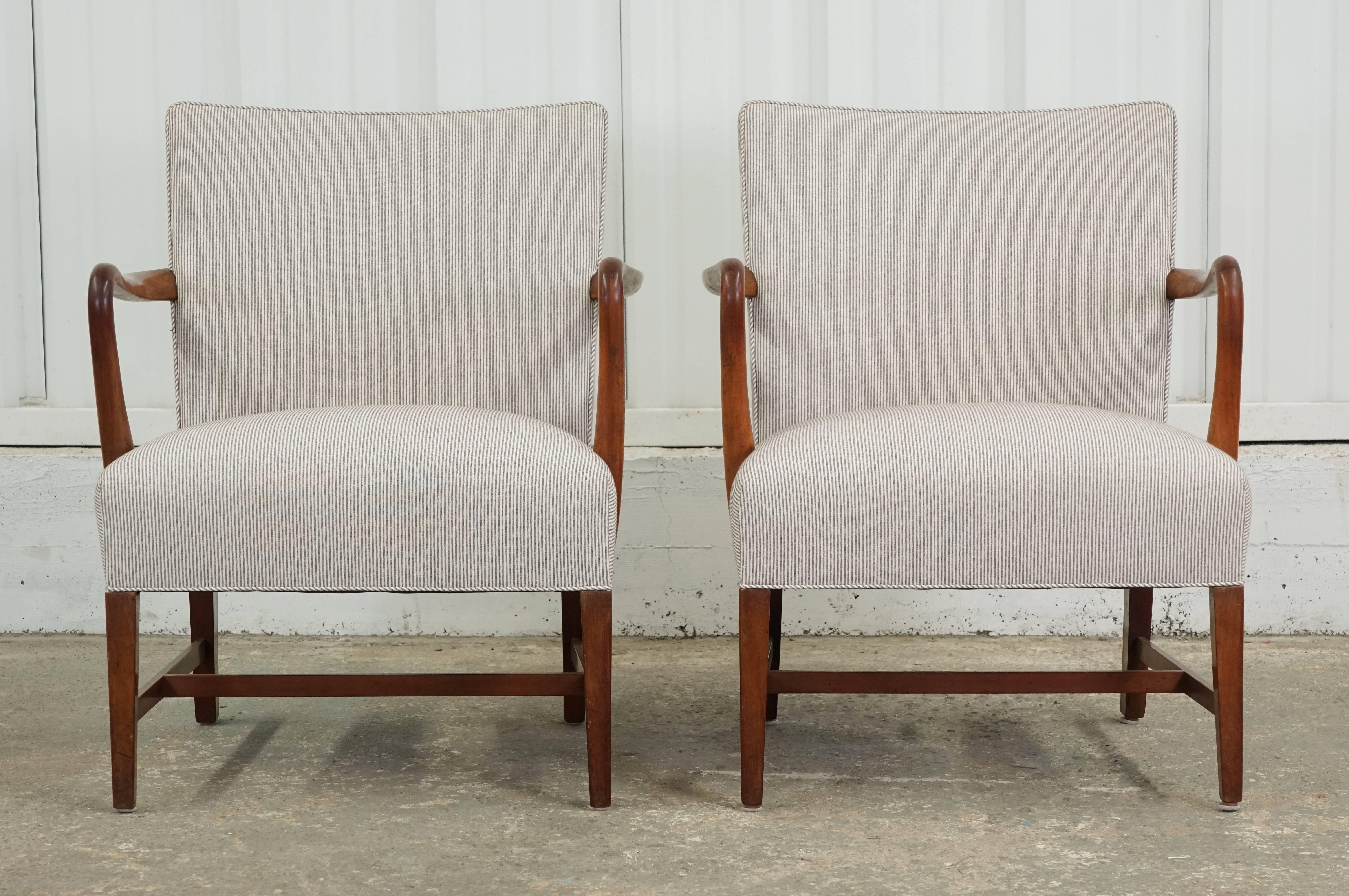 Pair of 1950s Danish armchairs upholstered in a light pinstripe fabric. Unknown designer but similar to Jakob Kjaer designs. 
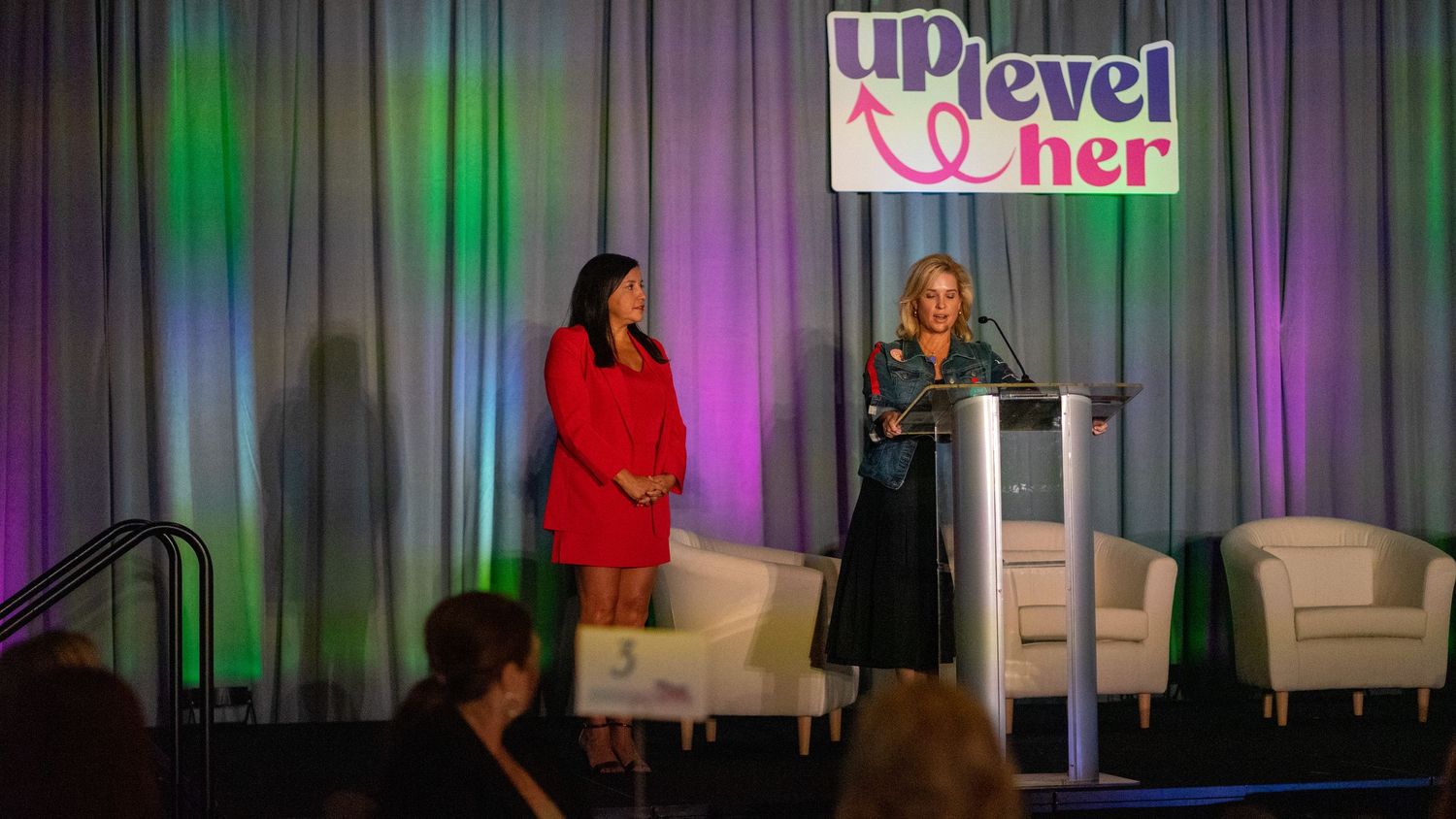 Two women speaking on stage at Up Level Her conference, one at podium, with colorful lighting backdrop.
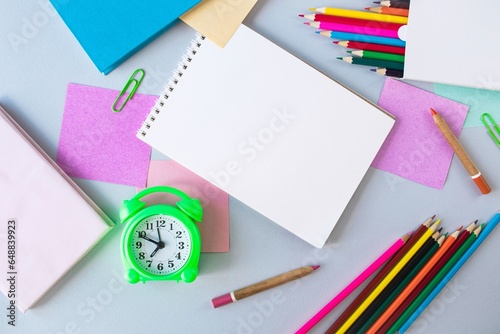 Back to school, alarm clock, colorful sticky notes and colorful pencils, drawing supplies on gray background with copy space, top view, flatly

▸ **Task instructions**
Return the data above unchanged. Pictures are not part of the copy.

▸ **Response**
 Pair of 1950s Danish armchairs upholstered in a light pinstripe fabric. Unknown designer but similar to Jakob Kjaer designs. 
 Two women speaking on stage at Up Level Her conference, one at podium, with colorful lighting backdrop.
 Back to school, alarm clock, colorful sticky notes and colorful pencils, drawing supplies on gray background with copy space, top view, flatly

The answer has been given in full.